WE LEVEN IN EEN POLITIEK EN MAATSCHAPPELIJK KLIMAAT dat het denken in termen van strijd en geweld als oplossing voor grote maatschappelijke kwesties allengs steeds aanvaardbaarder maakt.1 En dan heb ik het niet alleen over de onrustbarende opkomst van de radicale islam en de verschrikkelijke oorlog in Syrië of de vileine dreiging van Donald Trump. Niet alleen in de Verenigde Staten of in Aleppo, maar ook dichtbij, in Europa, manifesteert zich boosheid en heersen angst, onrust en een diep wantrouwen tegen zichtbaar onzekere en soms zelfs angstige elites.2 Ergernis en ongenoegen, eerder nog gekanaliseerd via daarvoor geëigende instituties, komen nu rauw en zonder drempels in het vooral politieke deel van het publieke domein, en nemen er steeds vaker de vorm aan van regelrechte haat.

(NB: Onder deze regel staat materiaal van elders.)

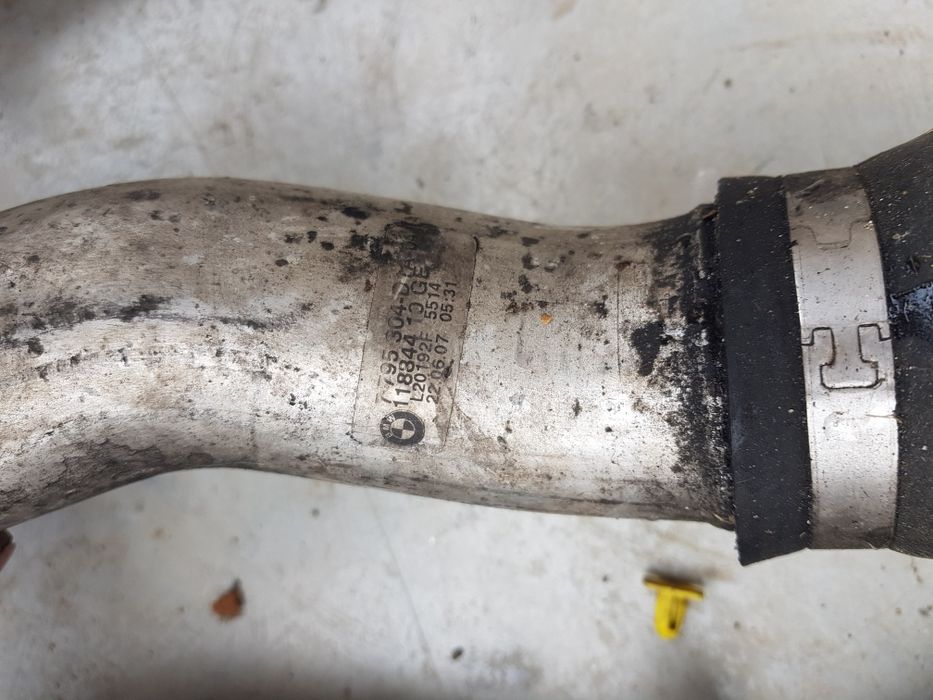 Турбо път тръба бмв е90 е91 м47д20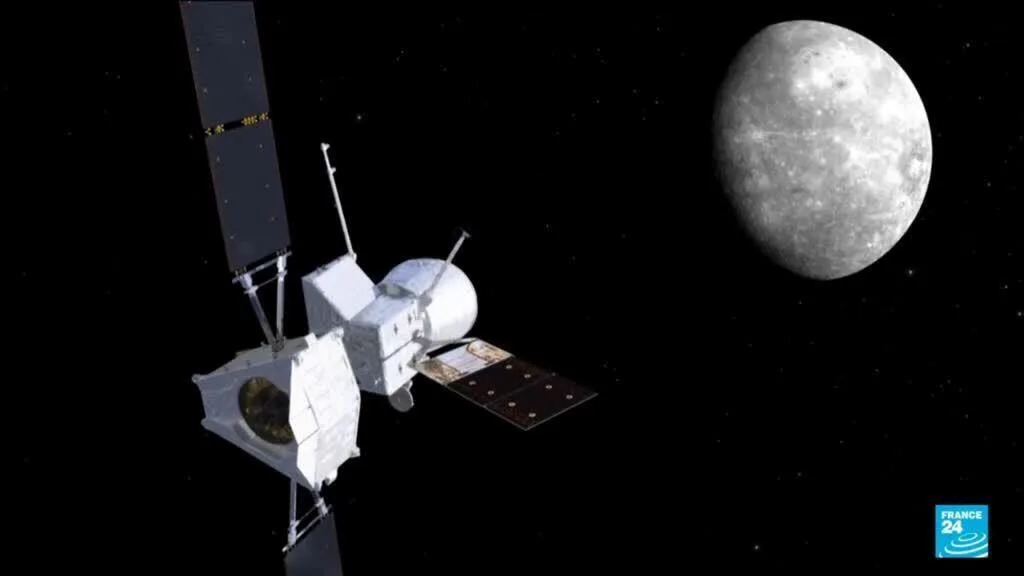 Espace : la double-sonde BepiColombo amorce son arrivée sur Mercure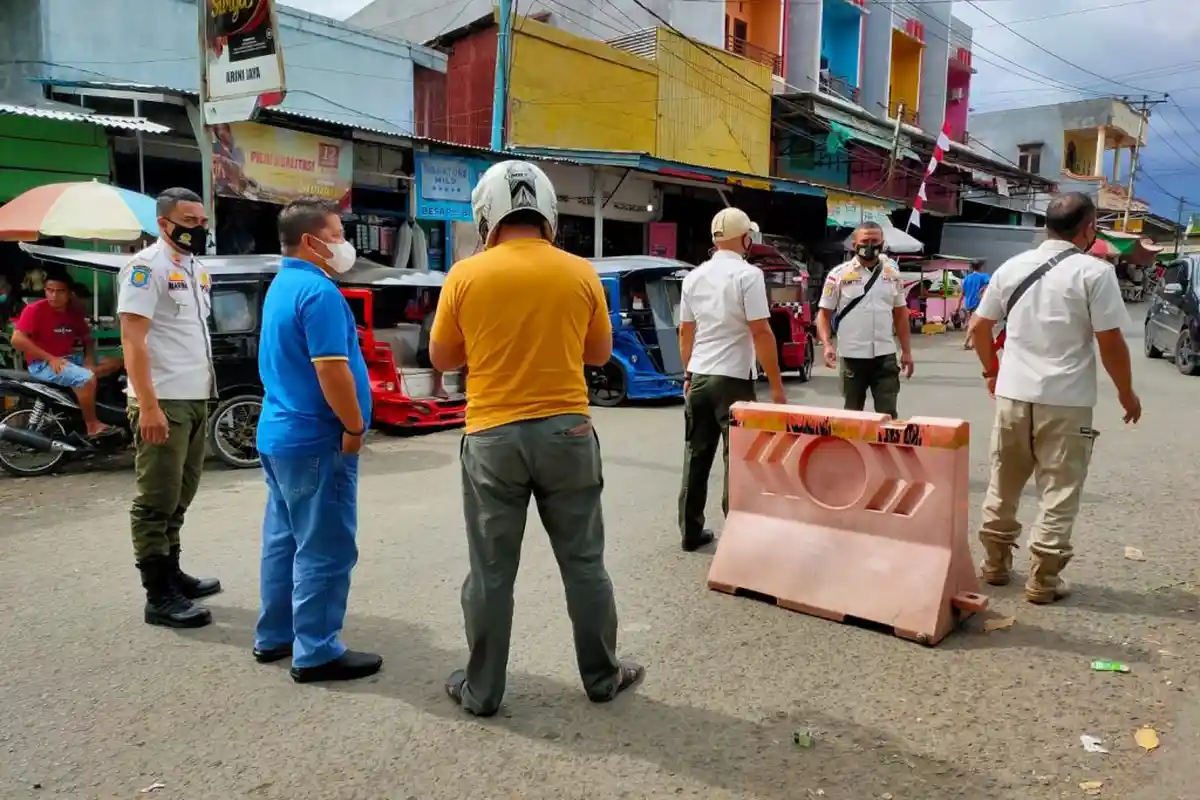 Turun Langsung Urai Kemacetan, Wawali Kotamobagu Minta Dishub Jangan Hanya Diam di Kantor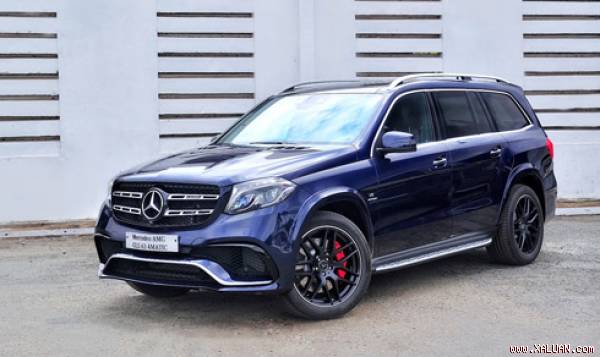 Mercedes GLS63 AMG đầu tiên tại Việt Nam.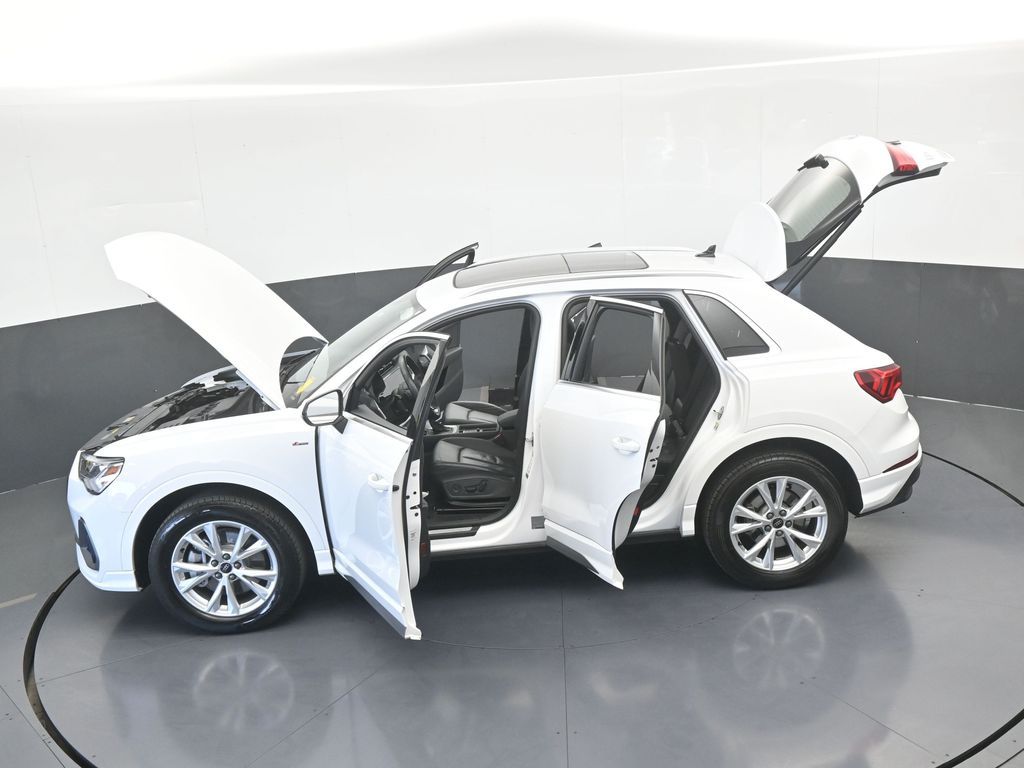 Used 2025 White Audi Premium image 67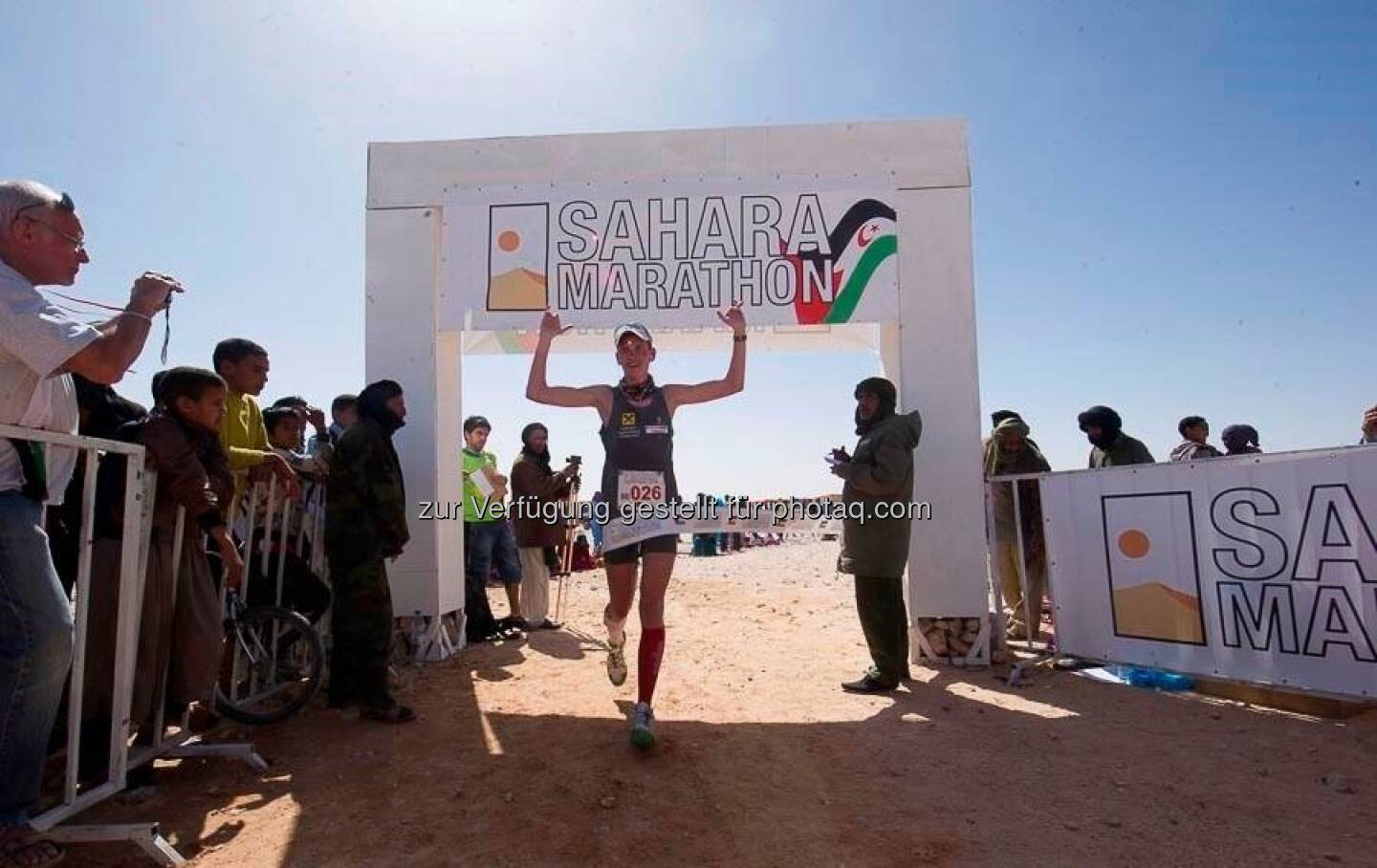 Sahara Marathon Rainer Predl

Gematigdheid, prudentie, zelfbeheersing, deliberatie, vertrouwen, moed: het zijn deugden en competenties die wezenlijk verbonden zijn met de mogelijkheid van pacificatie en democratie. Misschien zijn het wel noodzakelijke voorwaarden voor een duurzame democratische cultuur. Die voorwaarden en competenties zijn overigens vaak verankerd in constituties, mechanismen en instituties, patronen zo u wilt, die door de opgewonden hyperdemocraten van onze tijd als ondemocratisch worden gezien, want indirect of zelfs helemaal niet gekozen. In steeds meer ogen is directe democratie de ‘enig echte’ vorm van democratie, en digitalisering jaagt die idee steeds meer leven in. Het is een vorm van instantdemocratie die met de kloksnelheid van de al even gejaagde consument-burger de indirecte, representatieve democratie steeds verder onder druk zet, net als Airbnb de traditionele hotellerie. Tegenover de snelheid van de digitale democratie staat de bedachtzaamheid en de integrale afweging ‘zonder last of ruggespraak’ door gekozen volksvertegenwoordigers: het compromis is daar niet een laf gemiddelde, maar een ‘samen beloven’, in het besef dat nooit iedereen zijn volledige zin kan krijgen bij het formuleren van besluiten die het algemeen belang moeten dienen. Zorgvuldigheid, bedachtzaamheid, inschikkelijkheid: het zijn noodzakelijke voorwaarden, zo niet ‘deugden’ om tot wijze besluitvorming te komen. Maar van dit soort deugden en bedachtzame instituties moeten de protagonisten van de hyperdemocratie niets hebben. De consument-burger is immers zelf koning geworden.3 Steeds meer ontstaat zo het beeld van een dubbeldemocratie: één van de gekozen politici, en één van ‘het volk’.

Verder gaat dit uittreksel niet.